The Atheist Experience posted a great rant that really got me thinking. Here is an excerpt:
What a sickening cesspool of hate and fear Christianity has become. How can so many of its adherents live with themselves, when they actively take steps to bully, victimize, and bring misery to the lives of a group of people for the sole crime of being different? Word comes from California that it isn't enough for the supporters of Proposition H8 that they've banned gay marriage. Now they want to nullify the thousands of marriages that were performed in the few brief weeks that gays and lesbians actually got to see what having a basic human right was like.Of course, the Christian extremists referenced in the first couple of sentences do not interpret what they are doing as bullying and the like. That is okay. The point, and the source of at least some of my optimism, is that others are starting to do so.
The degree to which hatred of gays is socially acceptable has declined substantially in the U.S. during my lifetime (except for when it is directed at atheists). Homophobia and anti-gay bigotry are still with us, to be sure. However, for a variety of reasons (mostly attributable to the GLBT community itself) it is somewhat less possible to express them with impunity than it used to be.
I believe this trend will continue, much as it has for racism and sexism. I will not live to see the end of Christian extremism, but I am quite confident that I will live to see the day when the majority of Americans not only accept gay marriage but look upon the current period of homophobia and bigotry with embarrassment. Children will grow up as puzzled by what they hear about gay rights as some of us have about equal rights for women or African Americans. It will not occur to them how they ever could have been a period in history when it was not okay for two consenting adults to marry.

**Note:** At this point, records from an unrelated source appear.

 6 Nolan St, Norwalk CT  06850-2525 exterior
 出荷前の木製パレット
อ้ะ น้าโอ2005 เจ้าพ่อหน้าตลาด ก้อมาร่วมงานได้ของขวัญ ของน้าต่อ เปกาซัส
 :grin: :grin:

What does this mean for the atheist movement? Plenty. First, I worry that anti-atheist bigotry may actually intensify as anti-gay bigotry becomes less acceptable. We have done such a poor job of organizing and becoming a political force that we are going to make an easy target. And if there is one thing we better have learned about Christian extremists by now, it is that they need a target.
But the news is not all bad. The second implication for us is that we have an effective model in the GLBT community from which we can learn a great deal. There is no need to start from square-one. We have a viable map if we are willing to use it.

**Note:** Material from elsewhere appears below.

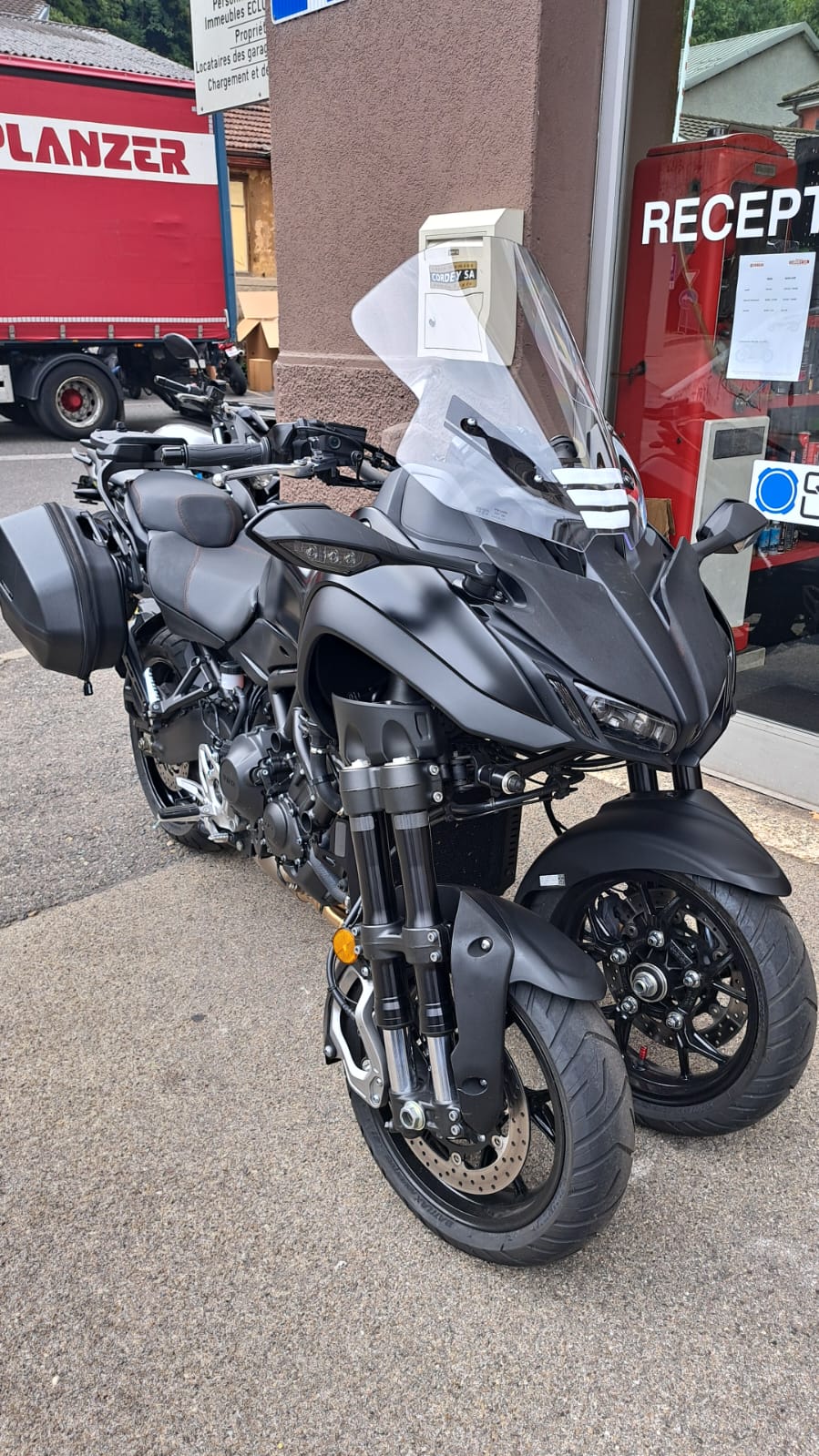 YAMAHA Niken GT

Third, the Christian right (and to some degree Christianity itself) is at a real crossroads. Christian extremists have attached themselves so pervasively to bigotry and hatred of anyone who does not believe as they do that they are decreasing their odds of surviving in a multicultural world. Moderate Christians, on the other hand, have been doing some remarkable and praiseworthy things lately (e.g., working to end global poverty, fighting the spread of AIDS, protecting the environment, etc.). As gay rights becomes the norm, the gap between the extremists and the moderates will continue to widen. Perhaps moderates will finally realize that they can truly elevate their religion by jettisoning the extremists.
If my atheist readers are tempted at this point to protest that even such an improved religion would still be a religion and therefore bad, I'd have to say that I'm not sure I agree. Yes, an elevated sort of Christianity such as what I describe here would still make use of faith and would therefore be inherently irrational. But such a revitalized form of Christianity could end up being a genuine force for good. Imagine a religion focused on improving our world for all people. I'm not saying I'd join up, but I'd certainly see such a religion as a step in the right direction.